‐食に関する一般向け啓発事業報告書‐
「エコ・クッキングと食育」
新渡戸文化短期大学
―はじめに―
平成23年度環境省の報告によると我が国の一般廃棄物の排出量は年間4539万トンで、1人1日当たりのごみ排出量は975gである。中でも野菜や果物に由来する廃棄量は高く、日本食品成分表によるとおよそ5~20%が見込まれる。そこで、環境に配慮したエコ・クッキングの手法を調理に導入することで、生ゴミ量の削減を図りたいと考え、野菜や果物を使用した菓子作りを検討し、それらの有用性をはかるため、講義および発表を通じてエコ・クッキングの普及活動を実施した。
―実施記録―
(1)
Let’s tryエコ・クッキング
実施対象:高校生および保護者対象本学オープンキャンパス
実施日:平成25年7月27日(土)
参加者:30名
(2)
エコ・クッキングによる野菜および果物廃棄率削除効果(発表資料はこちらから)
実施対象:調理学教員対象・調理科学会
実施日:平成25年8月23日(金)、24日(土)
参加者:20名
(3)
エコ・クッキングを取り入れたミネストローネ・フォカッチャ(発表資料はこちらから)
実施対象:小学生以上の本学文化祭来校者
実施日:平成25年10月27日(日)
参加者:200名
―実施を終えて―
- 野菜や果物を使用した菓子作りにおいて、通常法に対するエコ法の廃棄量削減率は一食あたり、にんじんケーキ8.6%、ごぼうクッキー8.6%、みかんケーキ25.8%、梨デニッシュ8.9%となり、いずれもエコ法によって大幅な削減が可能であった。
- 官能評価では、にんじんケーキ、ごぼうクッキーおよび梨デニッシュについて、皮を使用したエコ法による試作品の方が通常法よりも色調の鮮やかさが劣り、5%危険率の有意差が認められた。しかし、いずれも味の差はなく、廃棄部分を使用しても良好と評価された。みかんケーキについては皮を使用したエコ法による試作品の色調が通常法に対して劣り、1%の危険率で有意差が認められたが、味の評価では香気成分を多く含む皮を使用しているため、エコ法は香りが強く、より良好との評価を得た。
- 以上の結果から、野菜や果物の皮を利用する調理法によって生ゴミ削減効果が得られ、色調をより鮮やかにするための工夫は必要と思われたが、菓子としての適性も認められた。
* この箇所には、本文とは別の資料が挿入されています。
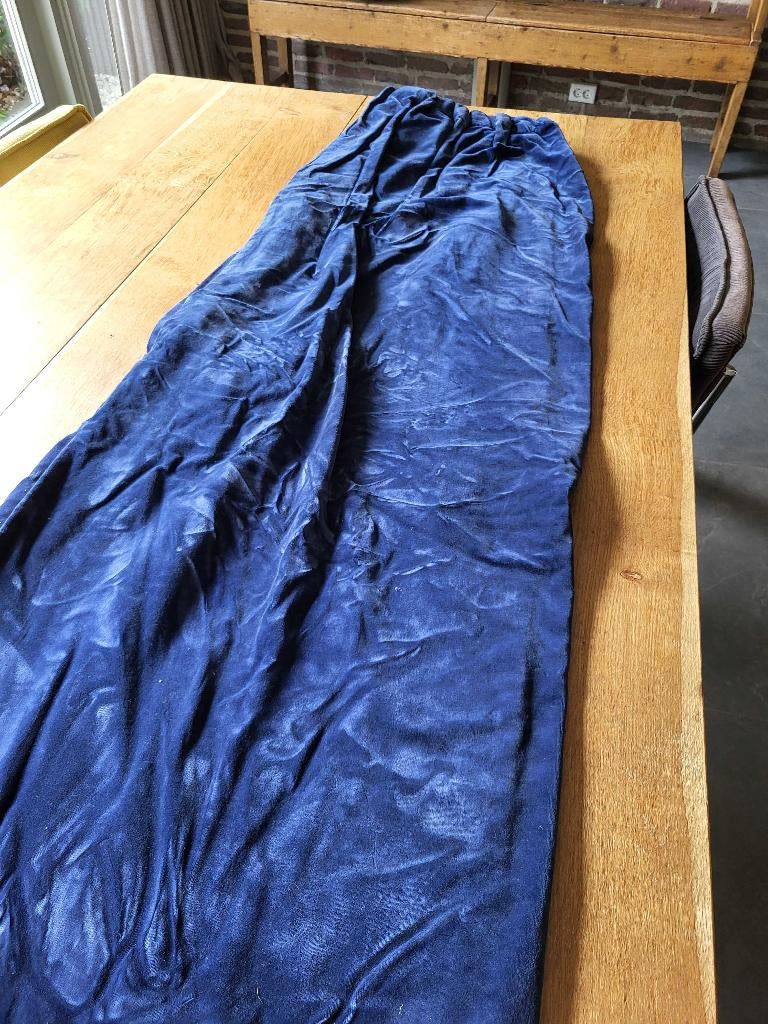 Gordijn Blauw 260 x 220 Katoen/fluweel, Huis en Inrichting, Stoffering | Gordijnen en Lamellen, Ophalen of Verzenden, Zo goed als nieuw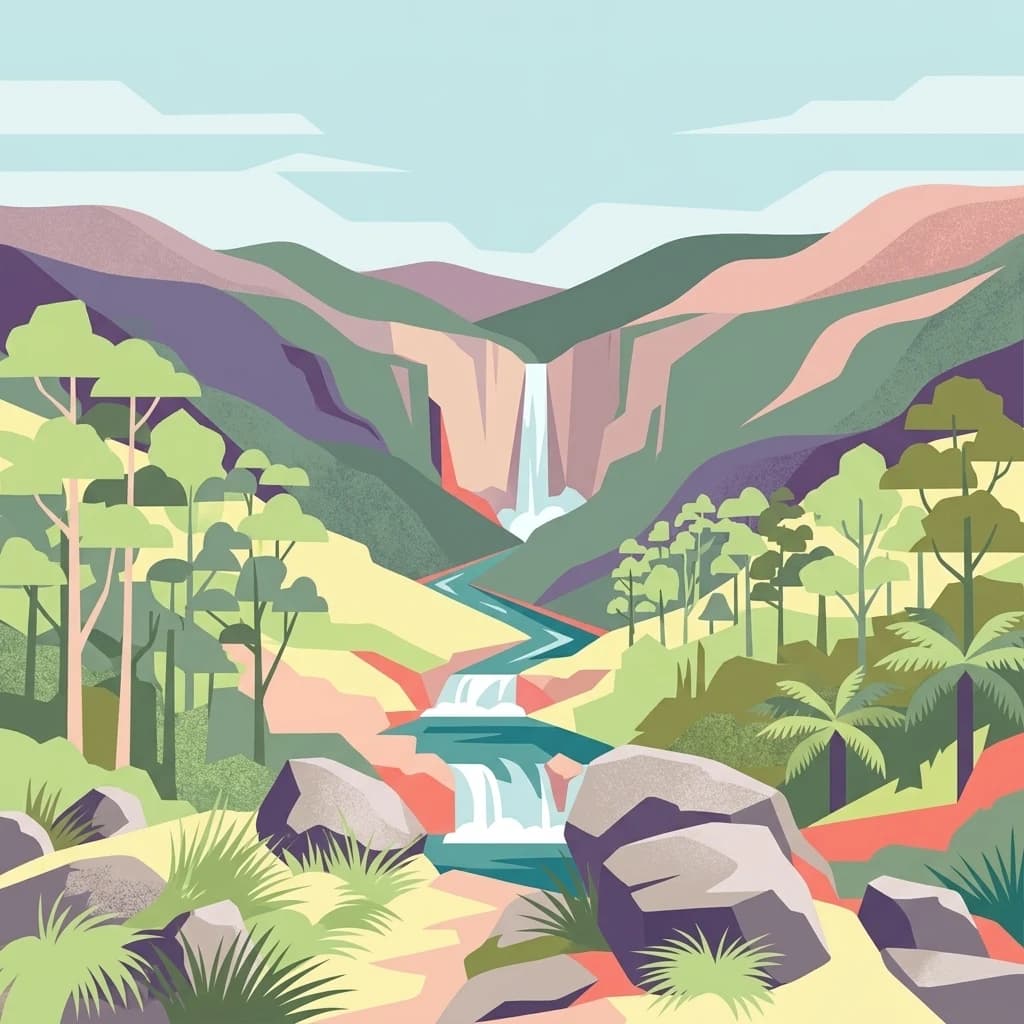 Illustrated view of a waterfall cascading through rocky terrain with forested mountains and a river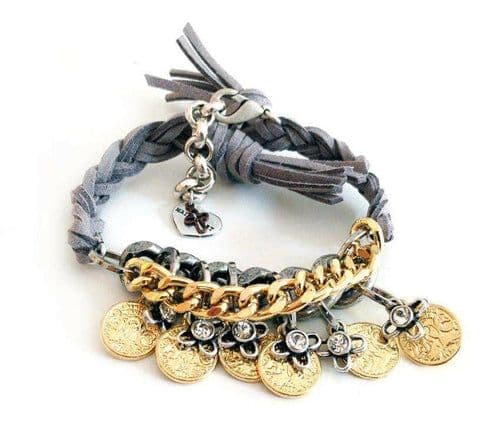 image-Friendship wraparound bracelets with Swarovski crystals and burnished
今後は、調理過程で使用する水量やガス量も測定し、エコ法と通常法の比較検討をさらに進めたいと考えている。
- 本研究を遂行するにあたり、実験にご協力いただきました新渡戸文化短期大学生活学科食品学研究室卒研生諸氏に深謝いたします。
- また、本研究の一部は公益社団法人日本フードスペシャリスト協会一般啓発事業の受託研究によるものであり、ここに感謝申し上げます。